# Mixing Hydroxides



## golden_seal (Dec 4, 2015)

When mixing potassium and sodium hydroxide can you just calculate how much of each from the total amount of lye? So if I wanted 60% KoH and 40% NaOH and the total amount of KOH given (from soapcalc) is 3.33 could I just split the two? It would be 1.99 KOH and 1.33 NaOH. I started with 90% KOH on the calculator. Also, do you just add both to the liquid at the same time?
I found this calculator that I can use for dual hydroxide but still wondering about how to mix both.

http://soapee.com/calculator


----------



## DeeAnna (Dec 4, 2015)

It really doesn't matter how you mix them. It will be fine -- nothing will blow up or catch fire if you put one into your water before the other or even put them both in at the same time. 

No you cannot just take the weight of one lye and divide that weight between KOH and NaOH. There are different numbers of molecules per gram for each lye, so you will end up with the wrong total amount of lye to properly saponify your fats.

There are several ways to calculate a mixed lye recipe. You found one by using the Soapee calc that allows mixed lye recipes. The Summerbeemeadow calc does the same. If you end up having to use a calc that doesn't allow mixed lyes such as SoapCalc, you can still get the job done. Here's how --

You are going to calculate the exact same soap recipe twice. The only difference between the two versions is your choice of lye -- use NaOH as the lye for the first version and KOH as the lye for the second version.

 TIP: If using soapcalc, be sure to put a check mark in the box for 90% KOH purity if needed for the KOH you are using.

For the first version, the recipe calculator will tell you how much NaOH that you would need to use if you wanted NaOH as ALL of the lye. In the second version, it will tell you how much KOH you would need to use if KOH was ALL of the lye.

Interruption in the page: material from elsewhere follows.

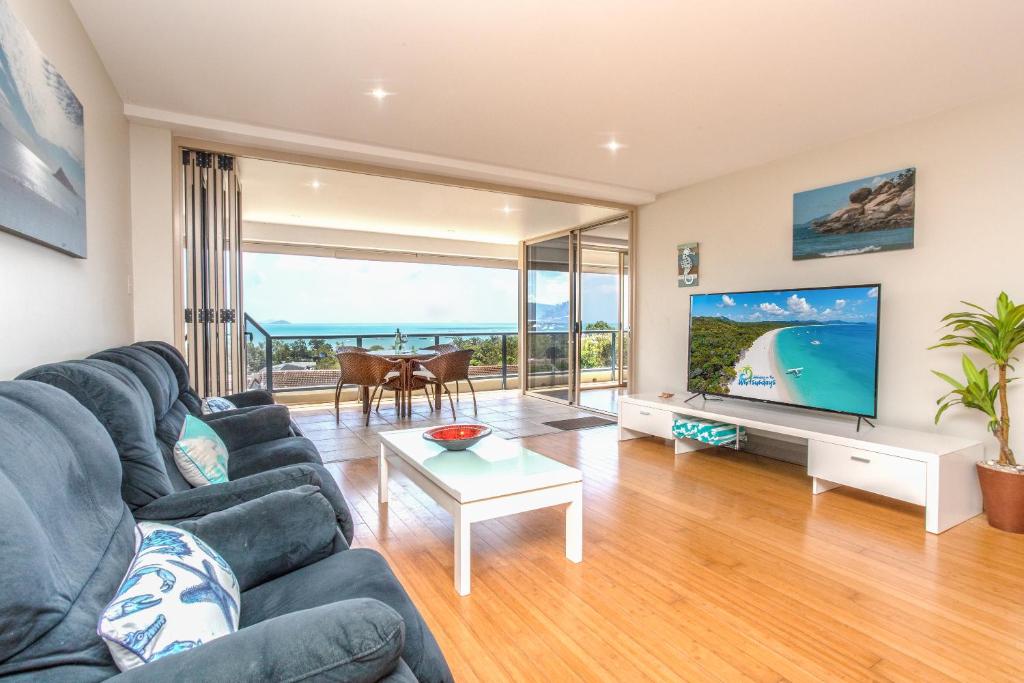 a living room with a couch and a large screen tv at VIEWS ON ELSHEBY in Airlie Beach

The last step is to calculate the weights you really need for your specific recipe. Since you want a mixture of 40% NaOH and 60% KOH for the recipe, multiply the NaOH weight times 0.40. And multiply the KOH weight times 0.60. This will give you the correct weights of each lye to mix together to make the recipe.


----------



## golden_seal (Dec 4, 2015)

Oh good! Thank you!! Now I can start the liquid soap I am wanting to do today 
It doesn't want to come together. Is that normal? I've only tried the glycerine method and there was no issues at all when I made that. 




And now it's this. Maybe I should have looked up making it with dual lyes, lol. This recipe is 
8.5oz lard
5oz olive oil
2oz castor oil
0.5 coconut oil 


Is this done? I'm sorry for so many stupid questions, lol. This was my first time using water instead of glycerine. Do I need to cook it longer like the glycerine? All this panic and it seems to have worked it so far


----------



## galaxyMLP (Dec 4, 2015)

Zap test it. But that looks right to me.


----------



## golden_seal (Dec 4, 2015)

Yep no zap! I was expecting it to take so much longer but I'm assuming the NaOH made it faster! Awesome! I can't wait to try it out! 

Thank you!


----------



## sonoransoapnmadness (Dec 5, 2015)

There's a dual calculator here: http://web.archive.org/web/20110716100637/http://www.snowdriftfarm.com/soapcalculator.htm


----------



## DeeAnna (Dec 6, 2015)

Yep, that's the old Snowdrift Farms calc. It works too, but this calc is on an archived copy of a long defunct website. I'd recommend sticking with calcs that are being actively maintained such as Soapee and SBM.


----------